I'm not exactly sure how exactly you got rid of the squares in the exponents. That step definitely lacks justification and is probably incorrect.
Here's what you can do:
Let $A = \sum_{k=1}^{9}\xi_{19}^{k^2}$ and $B = \sum_{k=1}^{9}\xi_{19}^{-k^2}$. Note that the exponents in $A$ and $B$ are precisely the sets of all squares and non-squares mod $19$. (Excluding $0$.) Then we can verify that $$ AB = 9+4\sum_{k=0}^{18}\xi_{19}^{k} = 5,$$ by verifying that the pairwise sums of all squares and non-squares in $\mathbb F_{19}$ will give every $x\neq 0$ precisely $4$ times and $0$ precisely $9$ times.(*)

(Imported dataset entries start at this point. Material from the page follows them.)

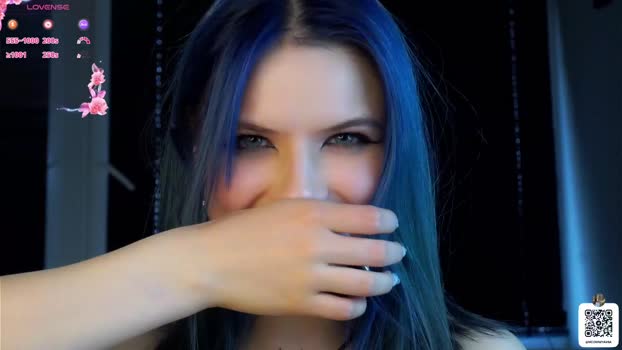 merciabawden Chaturbate Female 05-05-2025
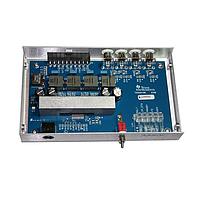Texas Instruments TAS5414CQ1PHDEVM Audio IC Development Tools TAS5414CQ1PHDEVM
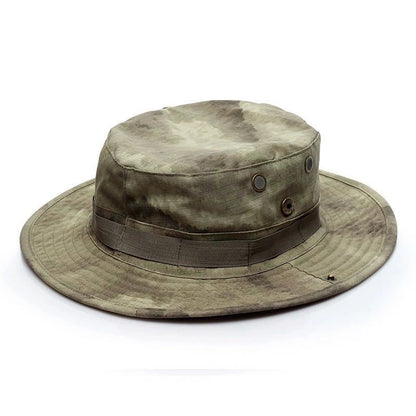 Thicken Military Tactical Hunting Hiking Climbing Camping MULTICAM HAT 20 Color - Urban Caps 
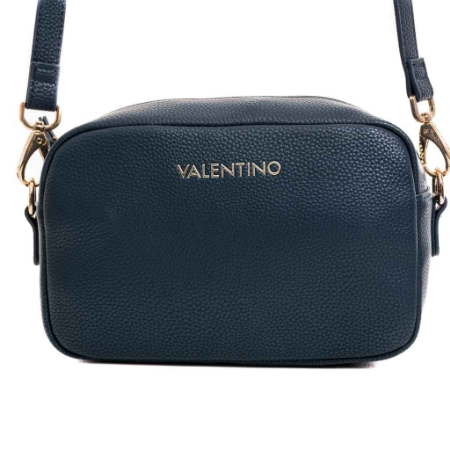 Picture of Valentino Bags VBE7LX538 Blu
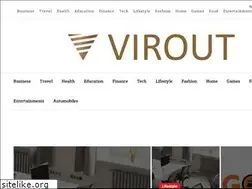 Sites similar to virout.com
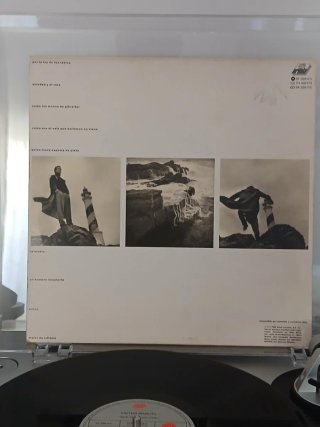 Victor Manuel - Que Te Puedo Dar Vinilo
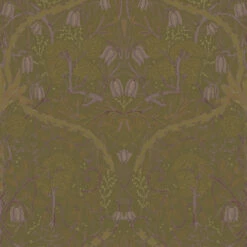 Superfresco Easy Vliesbehang Lauri Oker (dessin 113288)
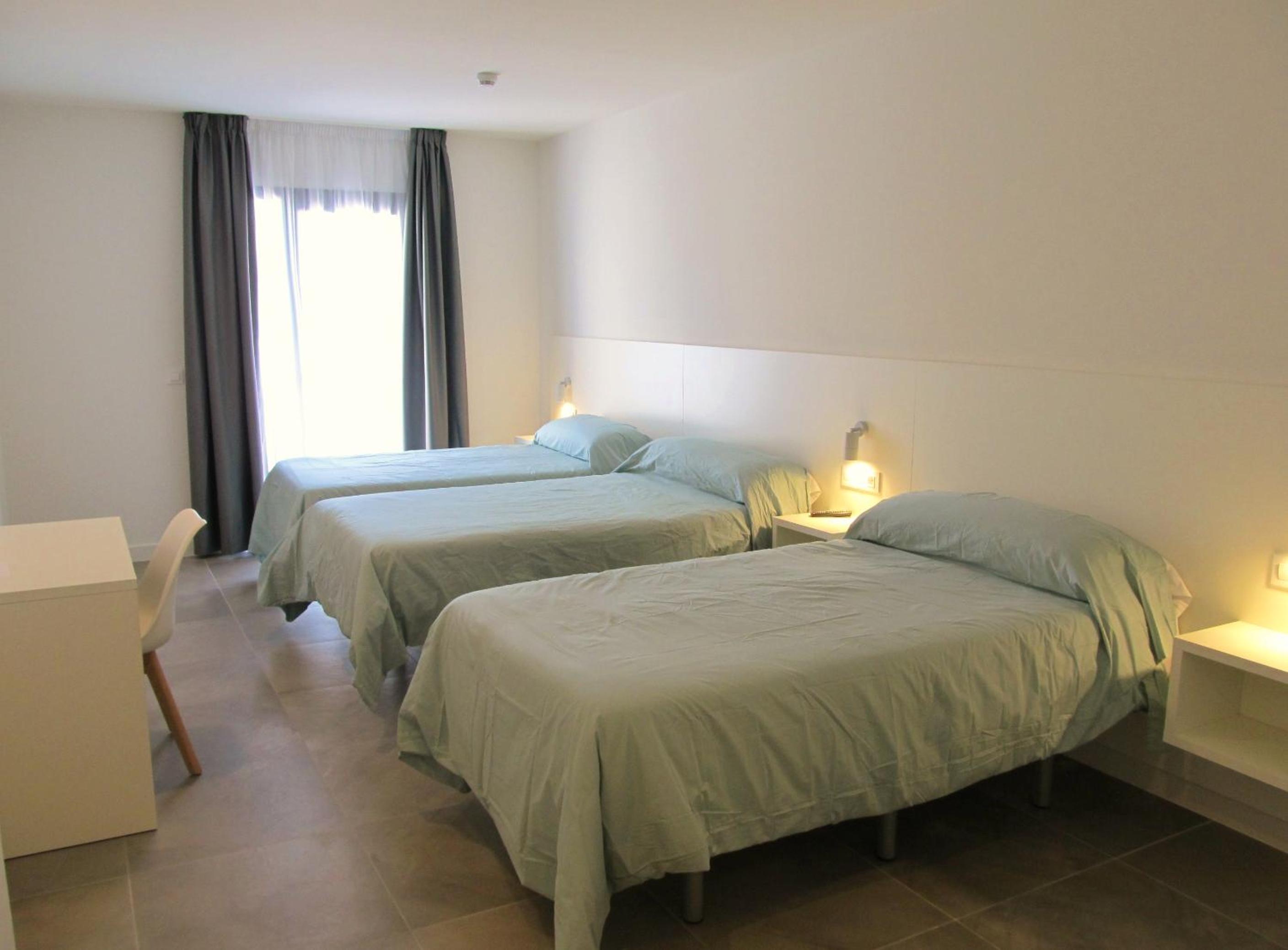 Hotel Gran Sol De Extremadura 17/50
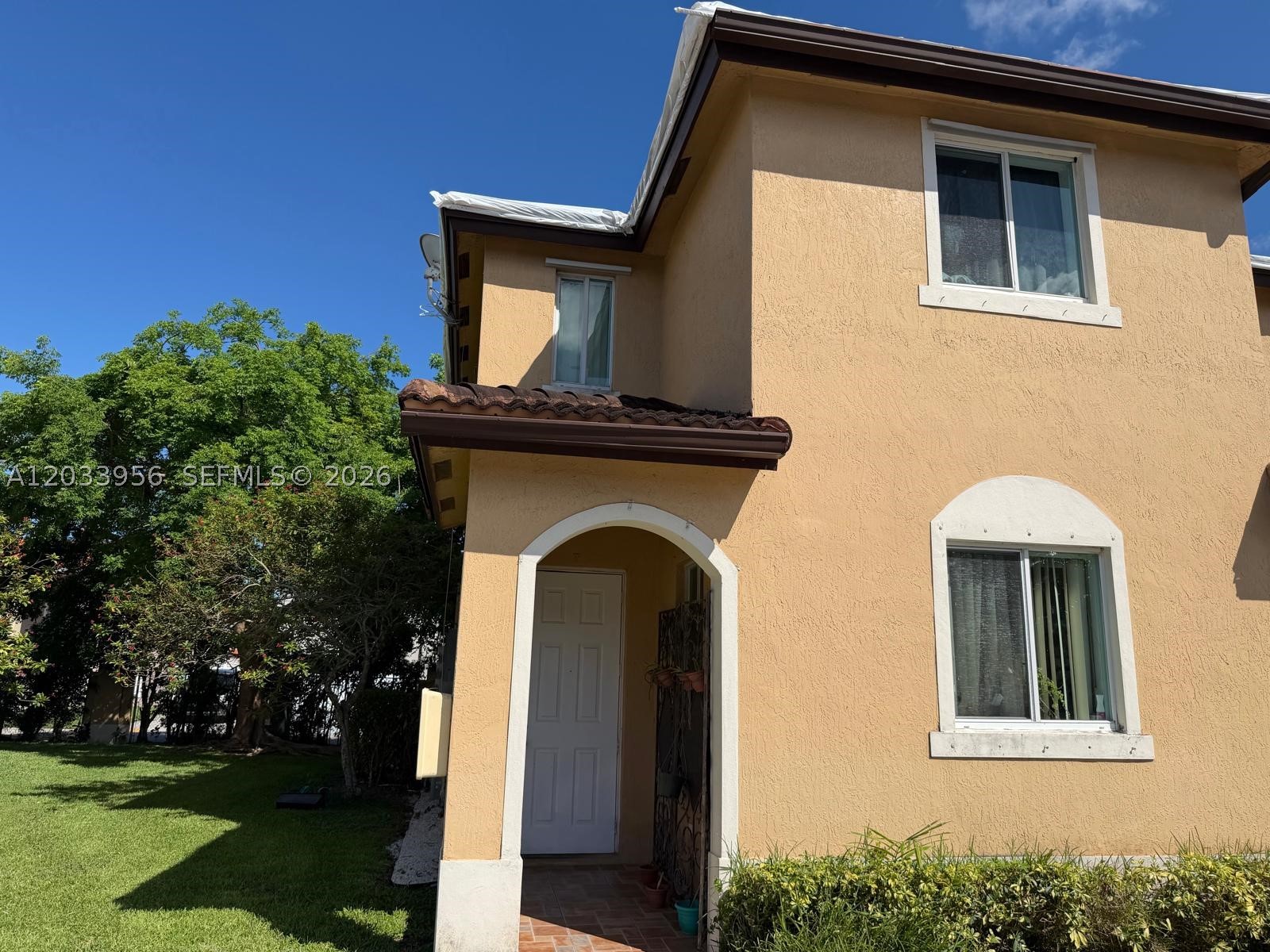 SOUTH POINTE COVE CONDO - Residential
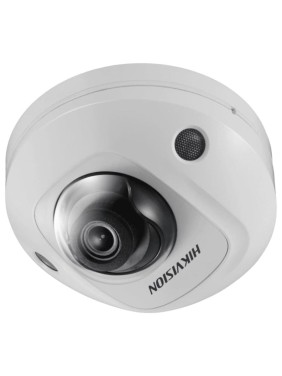 IP камера Hikvision DS-2CD2543G0-IS 2.8mm УТ-00010992 13334 IP камера Hikvision DS-2CD2543G0-IS 2.8mm УТ-00010992 13334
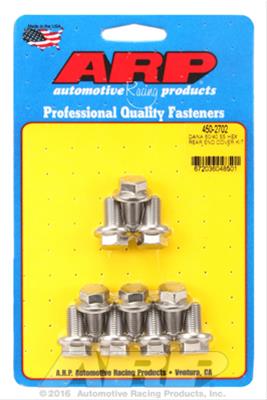 ARP ARP Differential Cover Fasteners 450-2702 Autofit
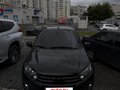 2023 Lada (ВАЗ) Granta I Рестайлинг, чёрный, 500000 рублей - вид 1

On the other hand $1+A+B = \sum_{k=0}^{18}\xi_{19}^{k} = 0$. So we may solve the system for $A$ and $B$. We find $$ A,B = \frac{-1\pm\sqrt{-19}}{2}, $$ and thus $\Re A=\Re B=-1/2$.
(*) I have checked this fact using the programming language Python, but it is probably not too hard to check it by hand.